Git refuses to check out the same branch in two worktrees at once. That guardrail maps perfectly onto “one agent owns one branch”: you literally cannot have two agents accidentally sharing a branch’s working state.

4. Instant context switching for the orchestrator

A supervising process (or a human reviewing agent output) can cd between worktrees to inspect each agent’s in-progress state, run its tests, or diff its changes — without disturbing any agent. No stashing, no branch swapping, no rebuild-from-scratch.

5. Shared fetches and reusable caches

git fetch in any worktree updates the shared object store, so every worktree sees new upstream commits without separate downloads. Dependency directories remain independent, but package-manager caches can also be shared across worktrees. Together, those two choices keep new agent workspaces cheap to start.

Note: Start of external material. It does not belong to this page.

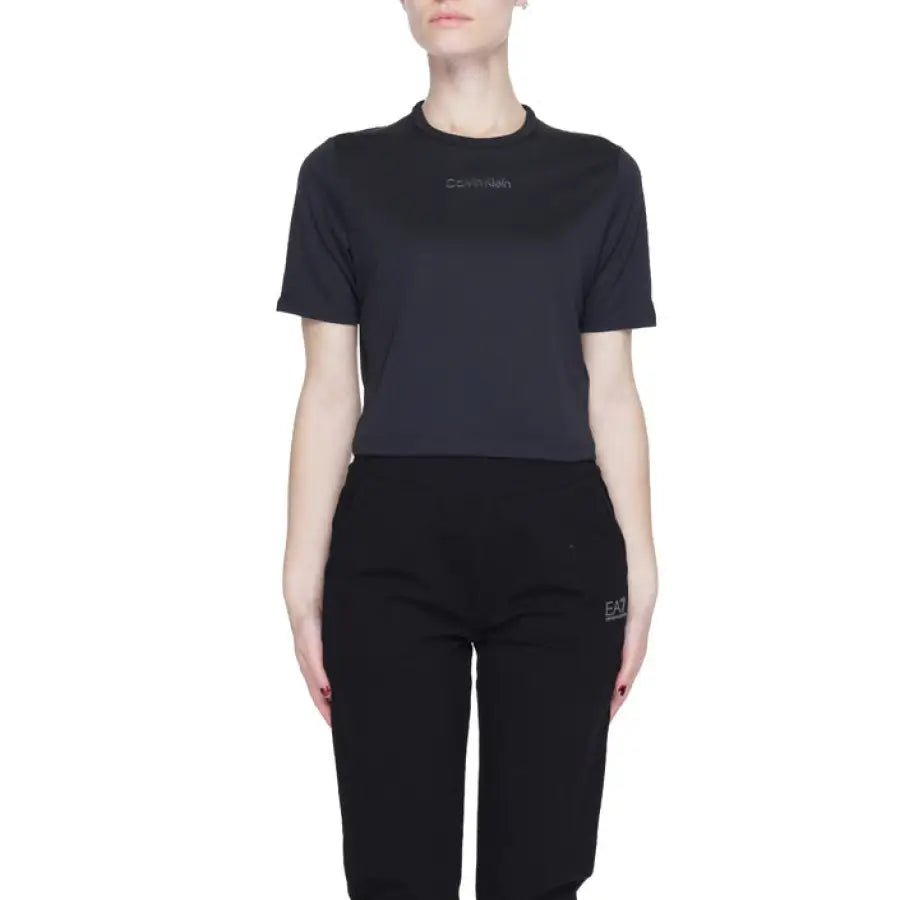 Woman in Calvin Klein Sport black t-shirt and pants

Sharp edges (and how to handle them)

Worktrees are powerful but a few things surprise newcomers:

  • A branch can only be checked out in one worktree. This is a feature, not a bug — it prevents two agents from corrupting the same branch. If you need two views of one branch, create a second branch from it (git worktree add ../view -b copy-of-x x) or use a detached checkout (git worktree add --detach ../view x).
  • Untracked files are NOT shared. node_modules, build outputs, .env files, and other gitignored artifacts exist independently in each worktree. Each agent must install dependencies and generate build artifacts in its own directory — or you point them at a shared cache (package-manager stores, NuGet, Go, or pip caches, for example) to avoid downloading everything again.
  • Reap orphaned worktrees. If a directory is deleted without git worktree remove, Git keeps a dangling administrative record. Run git worktree prune (or git worktree remove --force) periodically. git worktree list shows everything currently registered.
  • Submodules need care. Repos with submodules require git worktree add plus submodule init inside each worktree; plan for it if you use them.
  • Long-lived worktrees drift. Fetch and rebase/merge in each worktree just like any branch; the shared object store means the fetch is cheap, but the merge is still per-worktree work.
git worktree list           # see all worktrees and their branches
git worktree prune          # clean up records for manually-deleted worktrees
git worktree remove <path>  # the correct way to delete a worktree

Wrapping up

For agentic development, git worktree is the quiet workhorse:

  1. Isolation without duplication — many working directories, one shared history.
  2. Cheap and disposable — spawn a worktree per task, reap it on merge.
  3. Safe by construction — one branch per worktree keeps agents from corrupting each other.
  4. Orchestrator-friendly — inspect, test, and diff any agent’s state without disturbing it.

The important shift is simple: stop treating the repository checkout as shared agent infrastructure. Give every agent its own worktree, and parallel development becomes a set of independent, reproducible workspaces.